• _Exercise instructions_:
Would you quote every entry exactly, dropping only the pictures?

• _Excerpted data_:
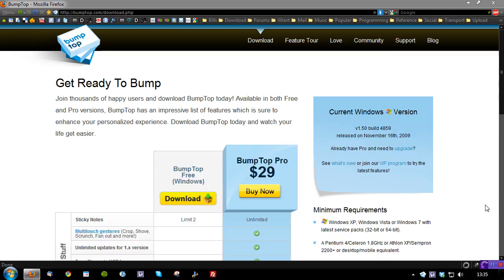Hi guys, this is Duncan from Dunksweb.com. It's time to take a look at Bumptop Pro, a 3D desktop application for Windows.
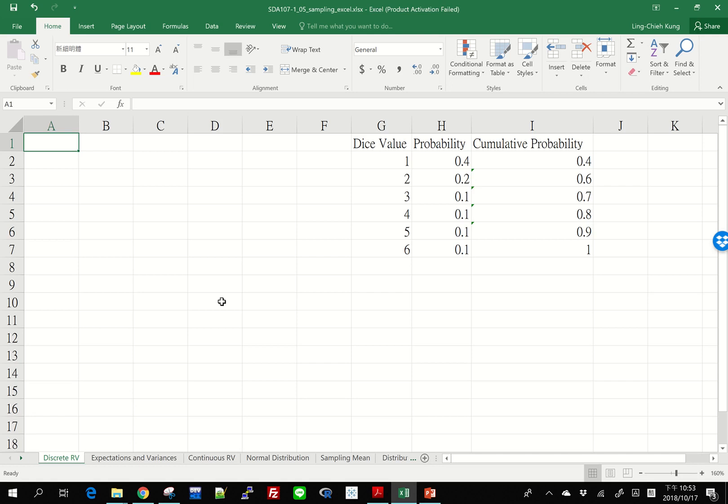In this video, I'm going to talk about how to use Excel to do some kind of random sampling or random trials. And I'm going to focus on discrete random variables.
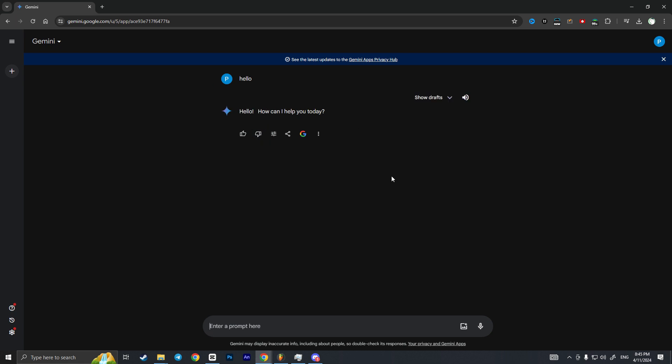As you see, this is how you can activate your Gemini AI on your Google account. If you found this video useful, leave a like and subscribe to the channel. Thank you.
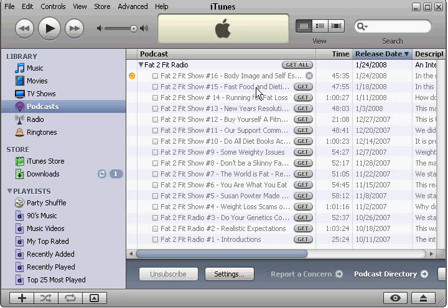If we want to get all the episodes, all you have to do is click on the Get All button, and every single one from 1 to 16 will be downloaded to our machine.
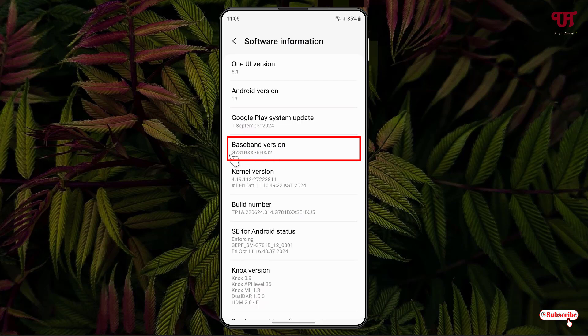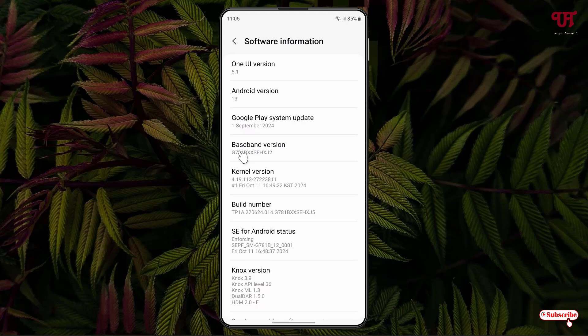Below you can see some alphabets and numbers mentioned here. This Baseband version is the firmware version of your respective Samsung smartphone or tablet. Using this method, you can easily find out the firmware version.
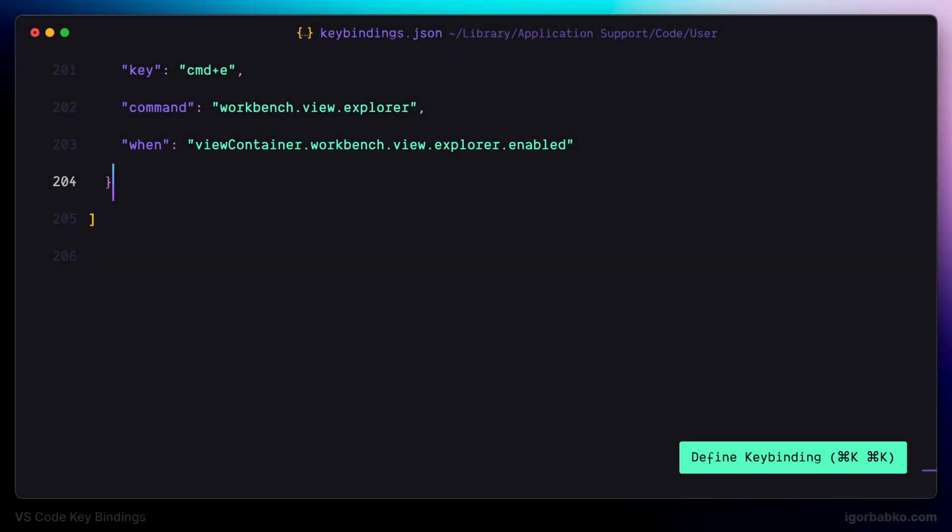In this lesson we're going to register lots of different key combinations that are going to speed up our process of working with the integrated VS Code terminal.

• _Response area_:
Hi guys, this is Duncan from Dunksweb.com. It's time to take a look at Bumptop Pro, a 3D desktop application for Windows.
In this video, I'm going to talk about how to use Excel to do some kind of random sampling or random trials. And I'm going to focus on discrete random variables.
As you see, this is how you can activate your Gemini AI on your Google account. If you found this video useful, leave a like and subscribe to the channel. Thank you.
If we want to get all the episodes, all you have to do is click on the Get All button, and every single one from 1 to 16 will be downloaded to our machine.
Below you can see some alphabets and numbers mentioned here. This Baseband version is the firmware version of your respective Samsung smartphone or tablet. Using this method, you can easily find out the firmware version.
In this lesson we're going to register lots of different key combinations that are going to speed up our process of working with the integrated VS Code terminal.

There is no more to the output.